Three men with enough rope and a place to tie it could have saved this lady, it didn't take special training at all. The mother-may-I attitude upon which the bureaucrats insist is the chief cause of this woman's death, and will be the cause of more deaths to come.

We had this discussion today and some of the PCists said, "The law is the law." I was thinking of a privy orifice at that point.

The Edinburgh Parliament has now said there will be an independent inquiry so we will have to hope it is not just a whitewash.

I saw the statement by the senior fire officer on the news again at lunchtime, why did it not come from the senior officer of Strathclyde Fire Brigade, he was several layers down from the top which seems incredible considering the damage this is doing to the brigade.

There was criticism after the Loch Awe deaths because they had removed a rescue boat from Oban (an area with many inland lochs) so adding to the delay though in that case it probably would have not save those who died.
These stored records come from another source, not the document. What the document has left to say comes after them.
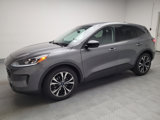 Used 2022 Ford Escape SE w/ SE Sport Appearance Package image 2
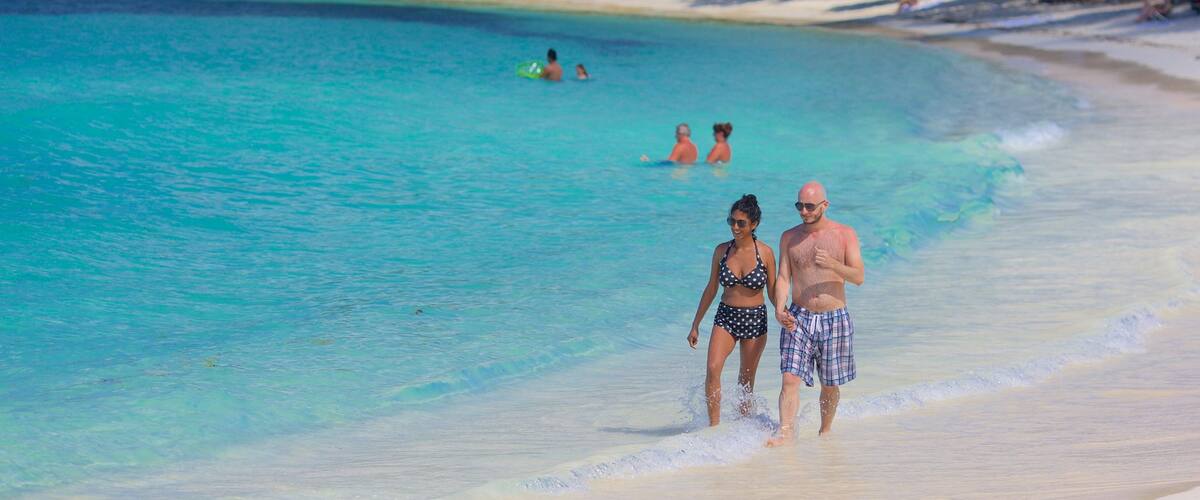 Smith Bay Beach johon kuuluu hiekkaranta sekä pari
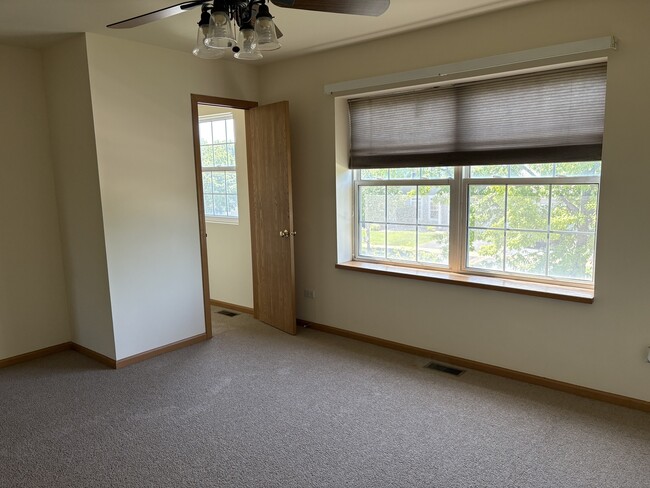 Building Photo - 7207 Bradley Dr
Also, similar to this case, no one seemed to be aware that there was a boat available nearer from a nearby MRT.

How can these people sleep at night?

@Aloysious A Gruntpuddock - "Had men been sent down and died from asphyxiation, no doubt there would have been an equal outcry over that"
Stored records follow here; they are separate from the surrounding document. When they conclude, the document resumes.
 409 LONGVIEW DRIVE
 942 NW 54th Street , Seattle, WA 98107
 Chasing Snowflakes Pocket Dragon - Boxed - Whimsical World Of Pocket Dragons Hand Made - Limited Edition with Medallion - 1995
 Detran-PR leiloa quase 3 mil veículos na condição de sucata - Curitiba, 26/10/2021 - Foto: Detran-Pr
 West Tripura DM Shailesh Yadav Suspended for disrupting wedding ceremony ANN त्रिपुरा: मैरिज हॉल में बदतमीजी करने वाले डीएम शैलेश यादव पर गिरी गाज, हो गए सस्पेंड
Get real - have you not heard of the yellow canary principle - if there was risk of asphyxiation then the victim would not be alive ... use your brain !!

Strathclyde Fire Brigade have now apologised to the family.
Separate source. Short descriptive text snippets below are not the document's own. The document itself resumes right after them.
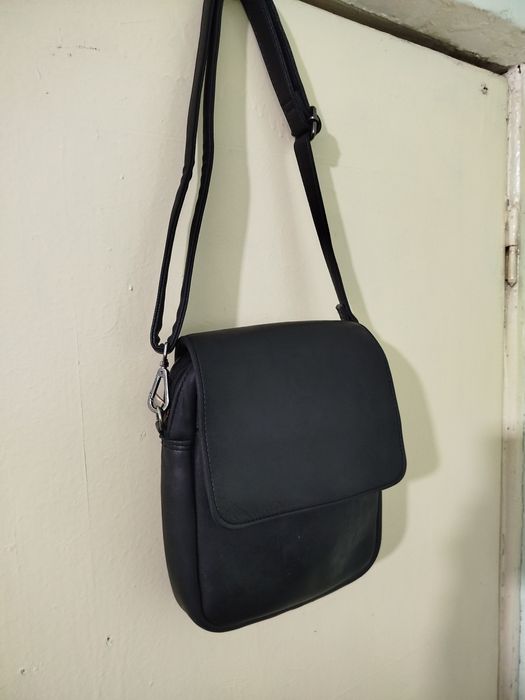 Продам кожаные сумки рюкзаки.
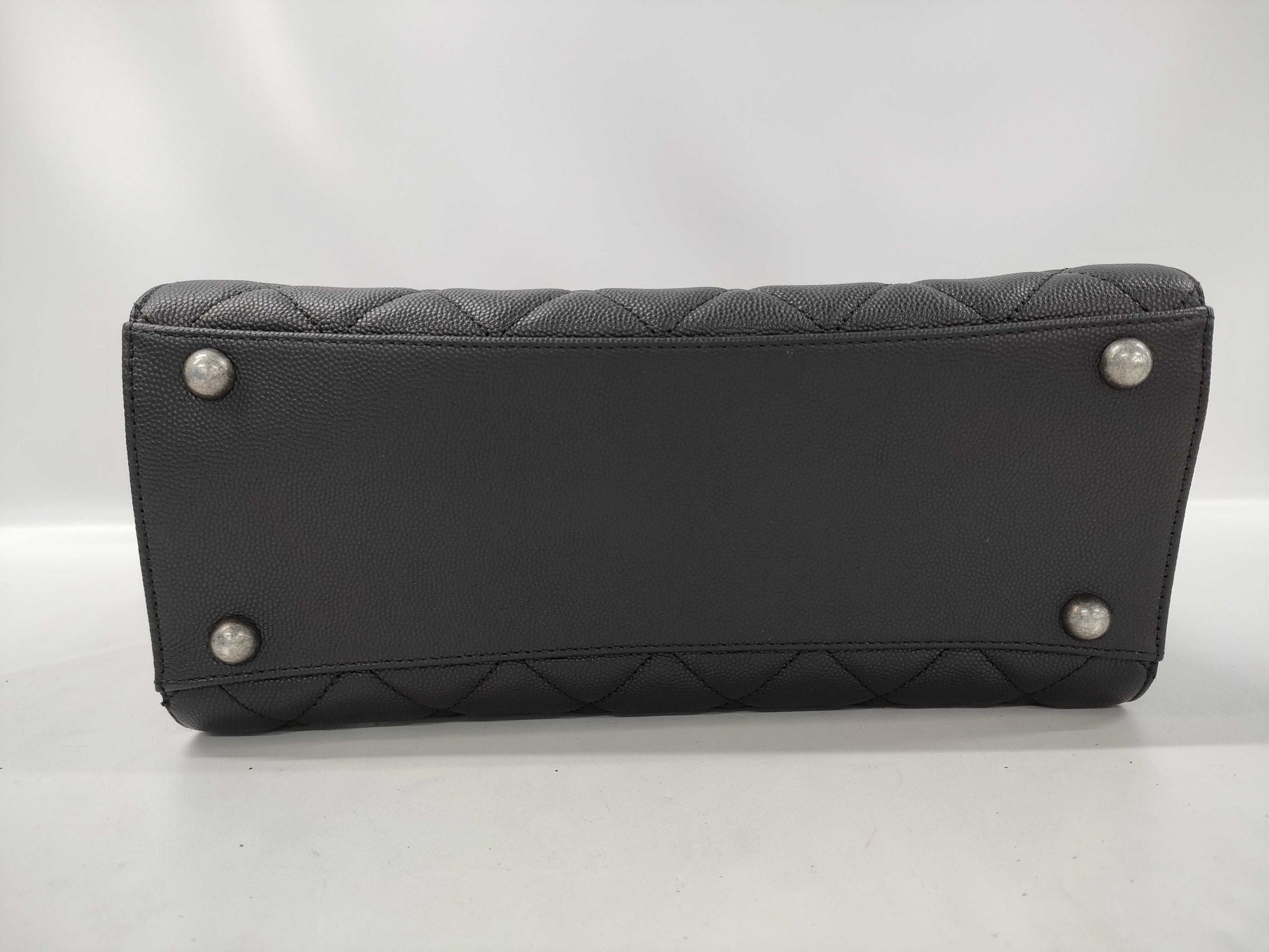CHANEL Caviar Skin Shoulder Bag
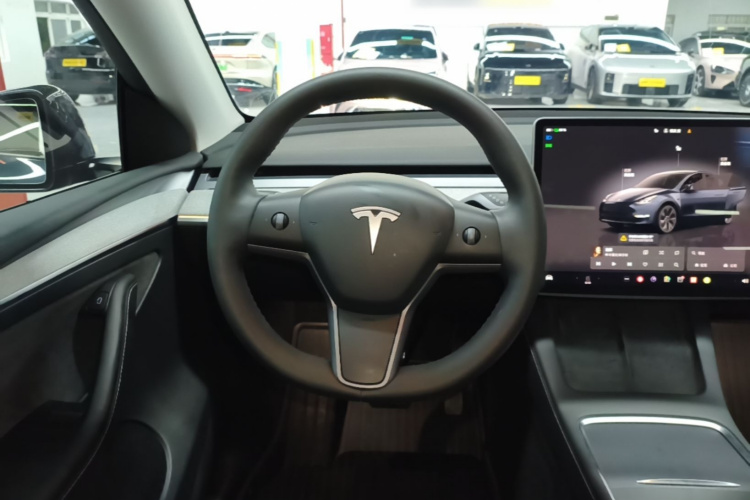 Tesla Model Y 2024 #11 Tesla Model Y 2024 car image #11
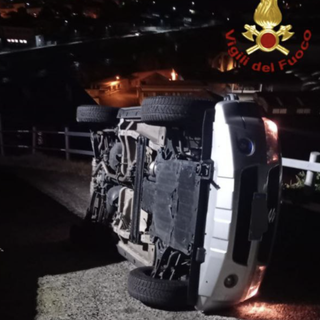 Auto si ribalta a Fomarco, conducente illeso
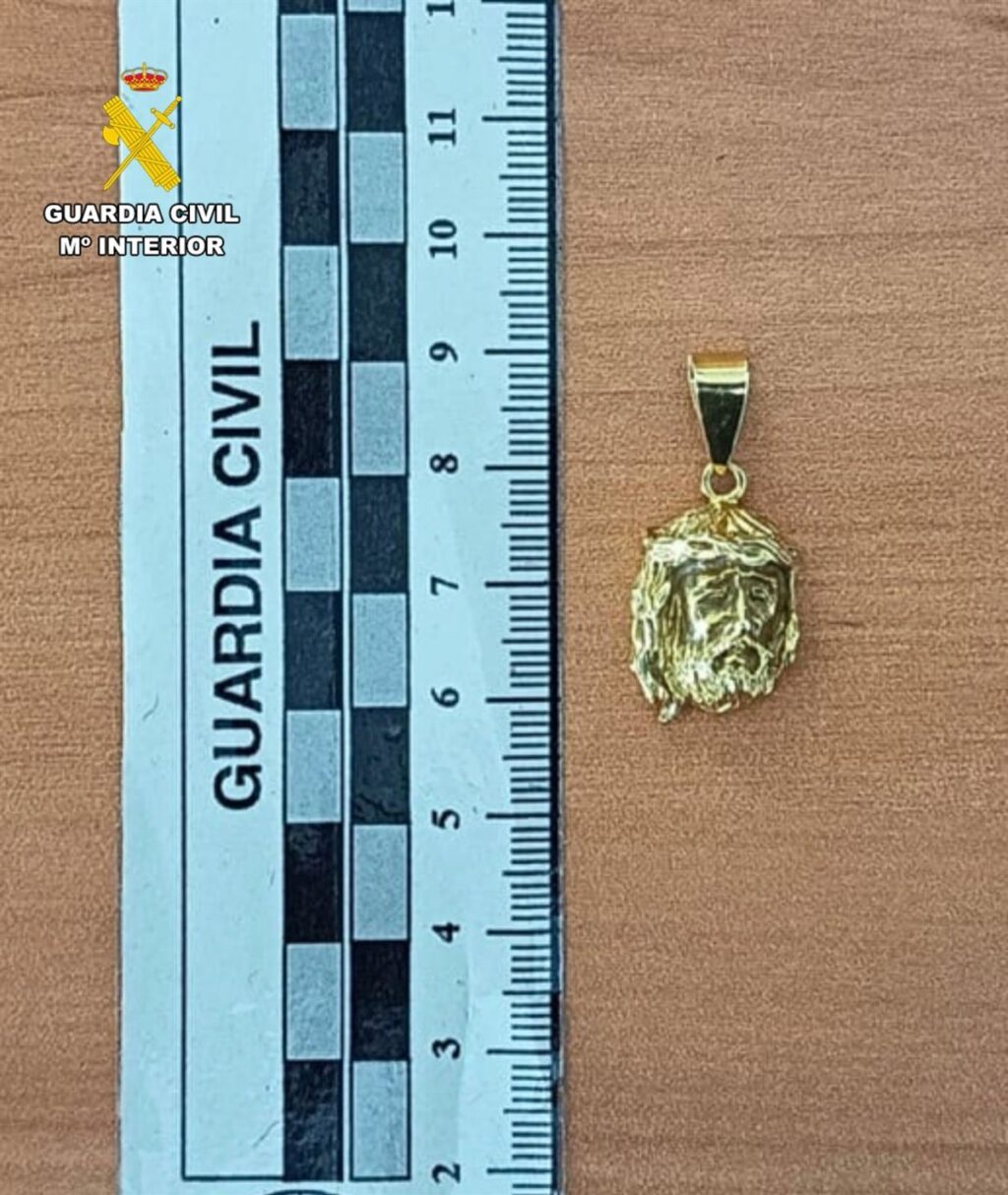 Busto de Cristo de oro recuperado por la Guardia Civil tras robo violento en Azuqueca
I think they need a few people replaced in their PR department as well as some more senior officers.

Re: murdock @ Aloysius A Gruntpuddock

Agree with murdock on the canary concept. If it was so bad that a strong healthy fireman on the end of a rope was at risk then the injured woman would be dead. They would have been entering a "Confined Space" (a well shaft) but they are trained to do so. They have BA. They have atmosphere monitors that have alarms and would have told them of a problem. Equally, they could have lowered a monitor on a piece of rope. They should have had risk assessments and procedures for entering such spaces (if not, why the **** not?).

Alan not Alab
(Need more coffee)

There is more criticism of Strathclyde Fire because nearby fire brigades had the equipment and training to carry out the rescue but were not called.

Fatal fire rescue snub blamed for Alson Hume's death

http://www.dailyrecord.co.uk/news/scottish-news/2011/11/20/fatal-fire-rescue-snub-blamed-for-alson-hume-s-death-86908-23575684/

"FIRE bosses behind a botched mine rescue might have prevented a tragedy by calling for expert help.

Strathclyde Fire and Rescue failed to ask their Lothian and Borders counterparts to send a specialised rope team.

Now they have been accused of putting pride before saving Alison Hume's life as she lay 40ft down a disused shaft.

A senior source at Lothian and Borders told the Sunday Mail their team could have been in Galston, Ayrshire, within two hours and freed lawyer Alison."